Now it seems as if that budget could even be exceeded. Recent estimates have it that the cost of canceling the new airport project, including written-off construction costs and an estimate of the settlement of legal claims by contractors and bondholders, are as high as USD9 billion. Add that to the expenditure on Santa Lucia and it adds up to US$13.7 billion and counting.
So by that calculation, the country is already US$700 million out of pocket as well as going without a brand new airport. Sometimes it can be worth sticking with the ‘Taj Mahals’. And to that might be added the value of the land at the Juárez airport had it been closed and sold, or even used as a functioning location for alternative activities. It is owned by Grupo Aeroportuario de la Ciudad de México (GACM), and operated by Aeropuertos y Servicios Auxiliares, which are respectively partly and wholly-owned state organizations.
While Santa Lucia is being converted (presumably that won’t be abandoned as well but stranger things have happened), responsibility for handling the capital’s growing air traffic rests with the Juárez and Toledo airports and mainly Juárez.

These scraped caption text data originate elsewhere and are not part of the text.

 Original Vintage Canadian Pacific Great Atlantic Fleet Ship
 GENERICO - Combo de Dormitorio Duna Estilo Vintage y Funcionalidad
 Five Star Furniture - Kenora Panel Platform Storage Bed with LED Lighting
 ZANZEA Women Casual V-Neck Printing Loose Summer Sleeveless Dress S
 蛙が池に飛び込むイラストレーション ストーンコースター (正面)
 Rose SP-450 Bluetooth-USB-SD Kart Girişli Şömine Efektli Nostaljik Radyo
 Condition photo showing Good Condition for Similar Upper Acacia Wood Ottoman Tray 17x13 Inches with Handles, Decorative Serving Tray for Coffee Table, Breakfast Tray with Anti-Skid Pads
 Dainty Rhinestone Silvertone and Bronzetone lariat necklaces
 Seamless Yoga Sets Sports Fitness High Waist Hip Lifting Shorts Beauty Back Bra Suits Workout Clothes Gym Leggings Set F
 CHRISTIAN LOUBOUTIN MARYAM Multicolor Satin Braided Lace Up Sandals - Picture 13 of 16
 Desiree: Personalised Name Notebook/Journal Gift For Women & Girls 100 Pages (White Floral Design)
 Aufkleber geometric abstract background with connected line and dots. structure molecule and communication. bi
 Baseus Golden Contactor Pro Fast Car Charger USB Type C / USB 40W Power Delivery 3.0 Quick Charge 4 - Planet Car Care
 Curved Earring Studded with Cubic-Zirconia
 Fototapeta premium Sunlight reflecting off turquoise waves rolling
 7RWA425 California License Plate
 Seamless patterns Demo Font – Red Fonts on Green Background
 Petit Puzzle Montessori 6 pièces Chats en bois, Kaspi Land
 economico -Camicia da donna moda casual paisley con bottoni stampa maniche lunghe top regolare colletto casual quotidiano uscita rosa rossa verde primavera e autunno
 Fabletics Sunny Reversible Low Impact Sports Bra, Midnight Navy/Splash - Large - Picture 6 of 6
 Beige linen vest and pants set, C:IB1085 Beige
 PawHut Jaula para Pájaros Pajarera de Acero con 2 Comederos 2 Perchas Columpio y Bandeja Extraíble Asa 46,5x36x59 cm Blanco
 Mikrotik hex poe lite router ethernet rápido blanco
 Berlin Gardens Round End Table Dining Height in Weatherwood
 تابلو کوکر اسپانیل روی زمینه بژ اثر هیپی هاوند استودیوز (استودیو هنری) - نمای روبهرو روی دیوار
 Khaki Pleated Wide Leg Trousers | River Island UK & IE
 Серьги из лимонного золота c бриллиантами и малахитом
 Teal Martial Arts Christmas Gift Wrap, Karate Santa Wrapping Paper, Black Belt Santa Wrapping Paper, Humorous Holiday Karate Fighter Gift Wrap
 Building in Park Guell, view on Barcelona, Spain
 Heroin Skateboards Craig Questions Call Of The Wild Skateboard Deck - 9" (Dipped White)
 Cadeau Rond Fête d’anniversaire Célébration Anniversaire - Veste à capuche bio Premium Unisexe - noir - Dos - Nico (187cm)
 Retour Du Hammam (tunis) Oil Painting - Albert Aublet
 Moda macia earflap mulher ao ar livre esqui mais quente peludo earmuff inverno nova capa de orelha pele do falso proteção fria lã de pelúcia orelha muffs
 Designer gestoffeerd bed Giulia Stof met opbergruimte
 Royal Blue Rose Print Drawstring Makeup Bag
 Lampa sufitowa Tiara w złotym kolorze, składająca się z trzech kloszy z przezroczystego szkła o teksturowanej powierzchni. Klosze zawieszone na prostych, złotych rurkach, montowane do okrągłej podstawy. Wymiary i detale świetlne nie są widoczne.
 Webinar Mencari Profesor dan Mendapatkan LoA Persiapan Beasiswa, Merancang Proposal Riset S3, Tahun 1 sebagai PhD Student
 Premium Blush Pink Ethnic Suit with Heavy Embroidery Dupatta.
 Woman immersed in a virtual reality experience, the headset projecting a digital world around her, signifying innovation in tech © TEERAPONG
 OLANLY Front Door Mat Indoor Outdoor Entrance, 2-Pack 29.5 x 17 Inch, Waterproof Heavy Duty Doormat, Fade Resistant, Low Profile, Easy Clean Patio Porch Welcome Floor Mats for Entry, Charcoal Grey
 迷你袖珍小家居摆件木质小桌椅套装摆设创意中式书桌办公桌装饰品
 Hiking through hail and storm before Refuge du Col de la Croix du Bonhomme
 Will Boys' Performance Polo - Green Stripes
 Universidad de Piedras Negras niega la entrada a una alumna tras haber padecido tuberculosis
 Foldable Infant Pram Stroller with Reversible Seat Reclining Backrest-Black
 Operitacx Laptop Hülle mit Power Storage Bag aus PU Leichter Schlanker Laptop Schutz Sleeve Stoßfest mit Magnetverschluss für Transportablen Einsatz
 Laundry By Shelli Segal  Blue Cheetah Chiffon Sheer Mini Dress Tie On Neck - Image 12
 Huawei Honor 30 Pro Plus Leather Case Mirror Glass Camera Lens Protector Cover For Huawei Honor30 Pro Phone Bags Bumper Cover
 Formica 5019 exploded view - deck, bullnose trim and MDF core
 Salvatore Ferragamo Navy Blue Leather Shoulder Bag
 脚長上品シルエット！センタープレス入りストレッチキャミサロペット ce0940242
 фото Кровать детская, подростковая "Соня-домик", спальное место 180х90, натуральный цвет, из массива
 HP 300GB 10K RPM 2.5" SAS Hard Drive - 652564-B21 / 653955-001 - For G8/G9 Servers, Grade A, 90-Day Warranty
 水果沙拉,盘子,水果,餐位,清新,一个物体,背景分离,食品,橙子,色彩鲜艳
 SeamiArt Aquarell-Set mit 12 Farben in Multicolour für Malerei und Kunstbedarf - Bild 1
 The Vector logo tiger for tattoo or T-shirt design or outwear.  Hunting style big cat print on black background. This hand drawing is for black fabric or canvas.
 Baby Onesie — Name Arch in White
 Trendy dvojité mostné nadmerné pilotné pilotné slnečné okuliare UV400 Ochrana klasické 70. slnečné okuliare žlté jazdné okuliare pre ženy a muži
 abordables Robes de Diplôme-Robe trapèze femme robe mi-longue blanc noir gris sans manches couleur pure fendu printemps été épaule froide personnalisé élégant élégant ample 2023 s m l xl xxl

Toledo, some distance from ‘downtown’ but in a heavily commercialized area, is a bit-part player with passenger traffic around the half-million per annum mark. Juárez is quite different, being the busiest passenger airport in the whole of Latin America.
It is more than a sympathy vote for the government which has prompted Aeroméxico to announce that it wants to invest in the (re-)construction of the Juárez airport’s terminal 3. The project is expected to commence construction in 2H2020.
Aeroméxico is the country’s largest airline, the flag carrier, and it has 36% of scheduled capacity at Juárez. In Jun-2015, Aeroméxico was reported to be considering becoming a shareholder of the new Mexico City International Airport, provided changes were made to the criteria for carrier participation in airports.
It is profitable (at least at the operating level), privately-owned and operated, and well-funded, with assets exceeding liabilities by almost US$12 billion in 2018. If the man that may have no name knows what is good for the country Aeroméxico should actively be encouraged to provide whatever assistance it reasonably can in Mexico City’s airport infrastructure plans.